On 08/01/2014 07:28 AM, David Miller wrote:
> From: Daniel Borkmann <dborkman@...hat.com>
> Date: Thu, 31 Jul 2014 22:11:16 +0200
>
>> -		for (j = 0; j < sizeof(u32); j++) {
>> -			p[i + j] = random;
>> -			random >>= BITS_PER_BYTE;
>> -		}
>> +	while (bytes > sizeof(u32)) {

[ Should have been >= here, missed that earlier. ]

>> +		put_unaligned(prandom_u32_state(state), (u32 *) ptr);
>> +		ptr += sizeof(u32);
>> +		bytes -= sizeof(u32);
>>   	}
>> -	if (i < bytes) {
>> -		u32 random = prandom_u32_state(state);
>>
>> -		for (; i < bytes; i++) {
>> -			p[i] = random;
>> -			random >>= BITS_PER_BYTE;
>> -		}
>> +	if (bytes > 0) {
>> +		u32 rem = prandom_u32_state(state);
>> +		do {
>> +			*ptr++ = (u8) rem;
>> +			bytes--;
>> +			rem >>= BITS_PER_BYTE;
>> +		} while (bytes > 0);
>>   	}
>
> This conversion to put_unaligned() is not an equivalent depending
> upon the endianness of the cpu.
>
> And this means the random value gets distributed differently into
> full words than it will into trailing bytes.
>
> Let's just not mess around with this, ok?

Sorry for the late answer, Dave.

So for the case of callers of prandom_bytes() which internally
invoke prandom_bytes_state(), it doesn't matter at all since, well,
they expect the array to be filled randomly and don't have any
control of the internal state anyway (that's also why we have
periodic reseeding there, etc), so they really don't care.

Now for the direct callers of prandom_bytes_state(), which are
solely located in drivers/mtd/tests/{oobtest.c, pagetest.c,
subpagetest.c}:

These tests basically fill a test write-vector through prandom_bytes_state()
with an a-priori defined seed each time and write that to a MTD
device.

Later on, they set up a read-vector and read back that blocks from
the device. So in the verification phase, the write-vector is being
re-setup [ so same seed and prandom_bytes_state() called ], and then
memcmp()'ed against the read-vector to check if the data is the same.
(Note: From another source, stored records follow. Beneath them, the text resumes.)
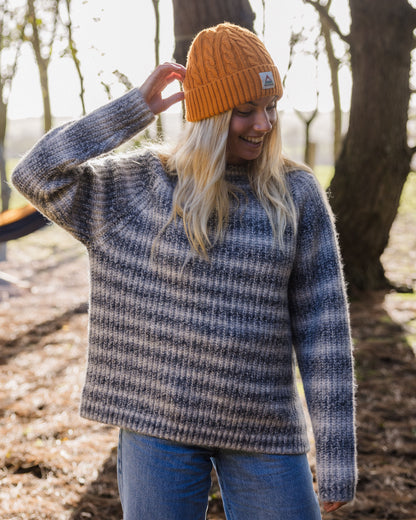 Mountainside Mock Neck Knitted Jumper - Multi Grey - Lifestyle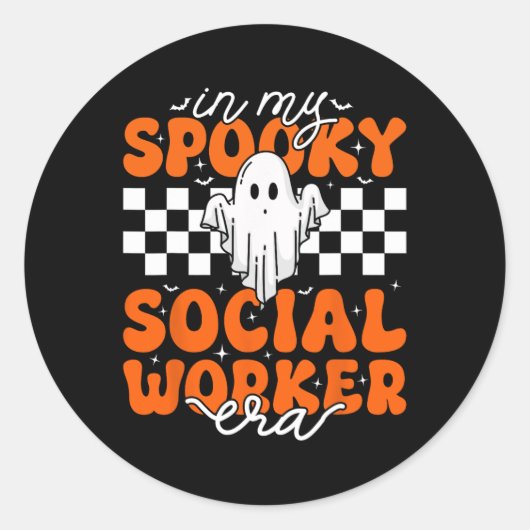Groovy In Mijn Spooky Social Worker Era Schattige  Ronde Sticker (Voorkant)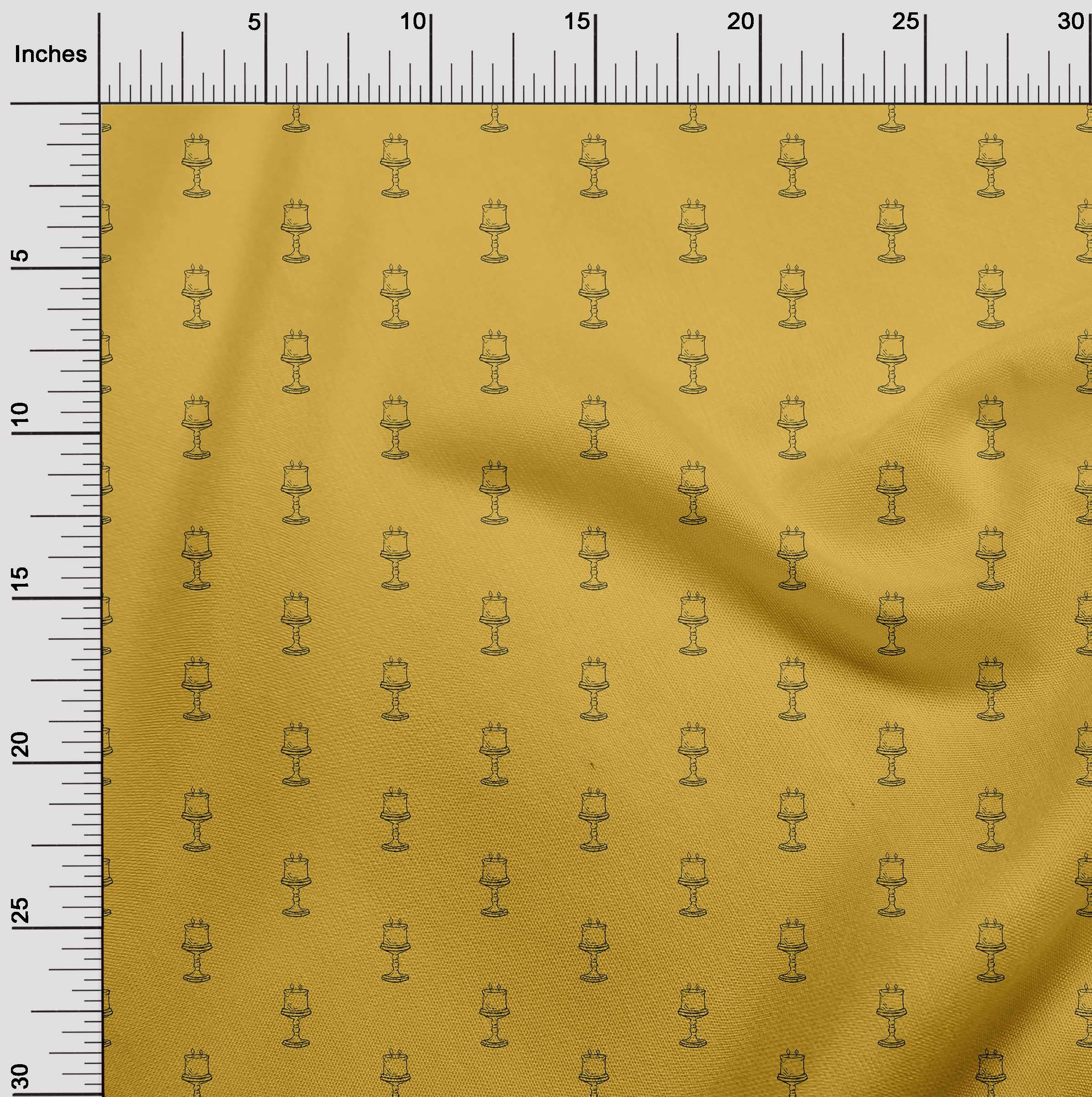 oneOone Viscose Chiffon Fabric - Yellow Retro Print, 42 Inch Wide by The Yard for DIY Clothing & Sewing Projects | Perfect for Dresses, Scarves & Home Decor
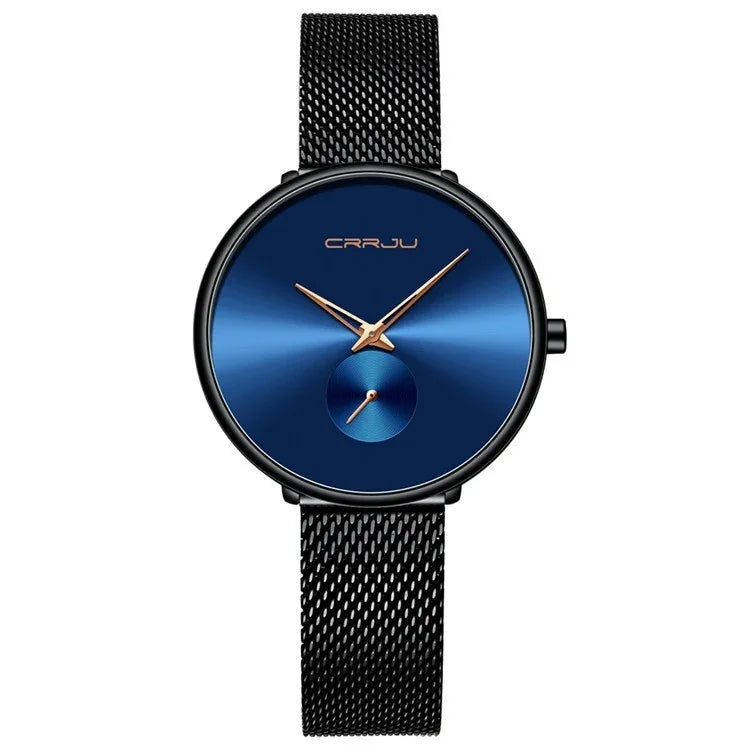 CRRJU men's wristwatch with blue dial, rose gold hands, and black mesh strap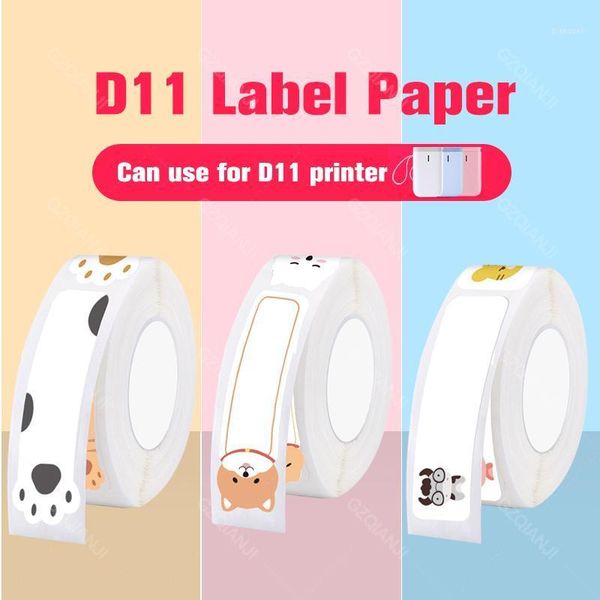 

d11 printing label supermarket waterproof anti-oil tear-resistant price label pure color scratch-resistant paper roll1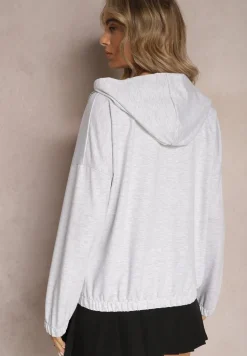 Szara Asymetryczna Bluza z Bawełny z Kapturem i Ozdobnym Suwakiem Lueur
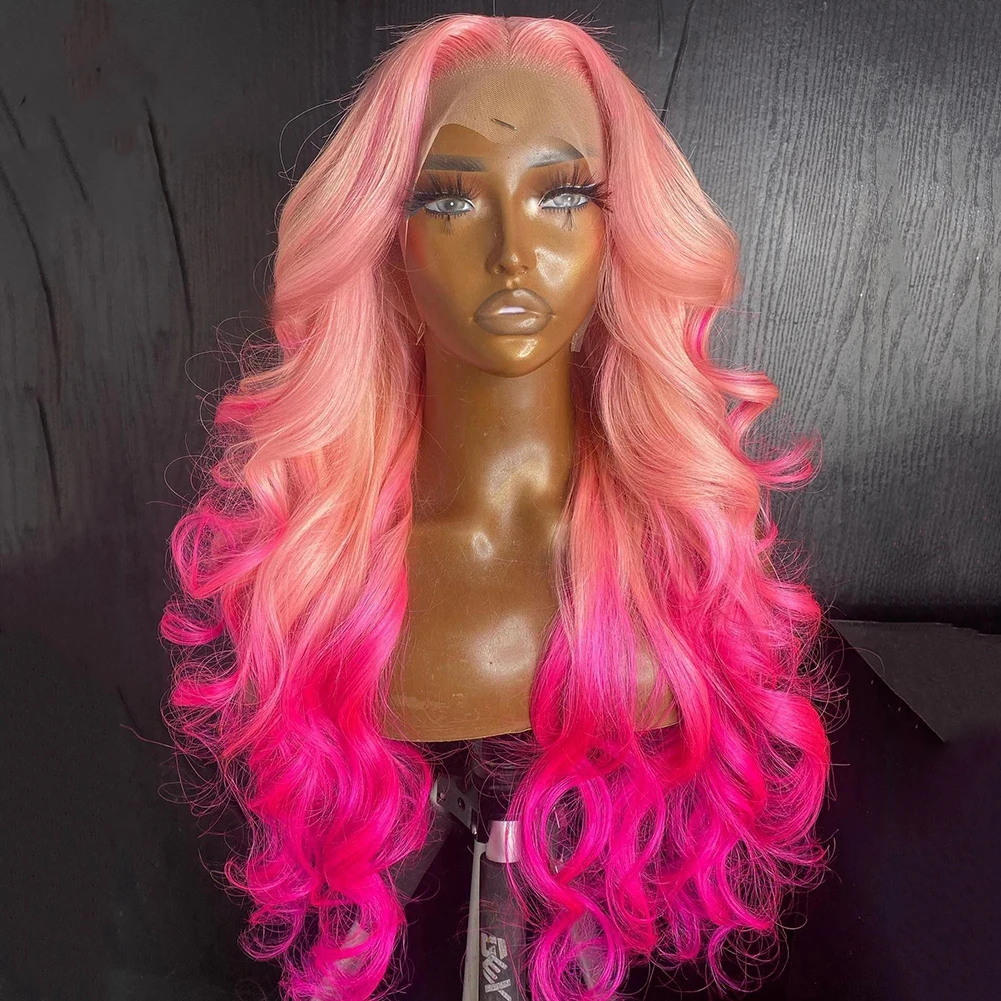 Parrucca anteriore in pizzo sintetico trasparente di colore rosa Ombre da 26 pollici Drag Queen Loose Wave Highlight Cosplay Glueless parrucche in pizzo da donna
Akinobu and I also tested this patch with the above fix included,
and it runs through the 3 relevant test cases _without_ any errors
on the nandsim device (simulator for MTD devs):

# modprobe nandsim first_id_byte=0x20 second_id_byte=0xac \
                    third_id_byte=0x00 fourth_id_byte=0x15
# modprobe mtd_oobtest dev=0
# modprobe mtd_pagetest dev=0
# modprobe mtd_subpagetest dev=0

[ ... 'finished with 0 errors' each in klog ]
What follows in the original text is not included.